(Saturday, March 15)
“Zhoghovurd” says that Prosperous Armenia Party (BHK) leader Gagik Tsarukian remains careful not to openly challenge President Serzh Sarkisian despite a series of consultations held with leading opposition figures. The paper says Tsarukian’s reluctance to “cross the red line” means that the BHK’s growing cooperation with the established opposition will not translate into any meaningful action.
“Chorrord Inknishkhanutyun” believes, however, that the Armenian authorities are worried about that cooperation and are trying to undermine it through their loyal media outlets. The latter are telling Armenians that government posts and money is the only thing that could unite the BHK and the three opposition parties. The pro-opposition daily says that their ideological differences are not an insurmountable obstacle to jointly “saving” the country. Besides, it says, a common ideology is not what unites President Serzh Sarkisian and his political allies.
Aram Karapetian, an opposition politician, comments on possible repercussions of the crisis in Ukraine in an interview with “Zhamanak.” “A lot depends on what will happen in Ukraine because the situation there is quite complicated and unpredictable,” says Karapetian. He says it remains to be seen whether Russia will annex only Crimea or other Ukrainian regions as well.

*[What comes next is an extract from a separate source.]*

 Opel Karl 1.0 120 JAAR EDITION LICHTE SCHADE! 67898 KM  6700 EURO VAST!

“Besides, how will things be settled?” adds Karapetian. “Militarily or through sanctions? You may have noticed that the Americans have already taken economic actions. The price of oil has fallen by 2-3 percent. If they stop [the escalation] and switch to diplomatic actions I think that the situation will remain stable. But if events take a military turn then we will have to bear in mind that Georgia and Moldova will quickly join NATO and we will find ourselves in a severe social, political and economic situation because it is no secret that Armenia is heavily dependent on aid from Russia.”

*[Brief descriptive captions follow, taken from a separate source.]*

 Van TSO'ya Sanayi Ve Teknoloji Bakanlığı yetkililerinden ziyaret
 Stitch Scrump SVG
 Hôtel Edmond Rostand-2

“Aravot” says that Russian TV channels’ aggressive coverage of the Ukraine crisis is coordinated by the Kremlin. “The same model existed in Armenia during [Robert] Kocharian’s rule,” editorializes the paper. “Pressure on [Armenian] TV stations has eased considerably. But interestingly, forces that are not in government are now adopting the same work style. Their targets are being selected in a coordinated manner.”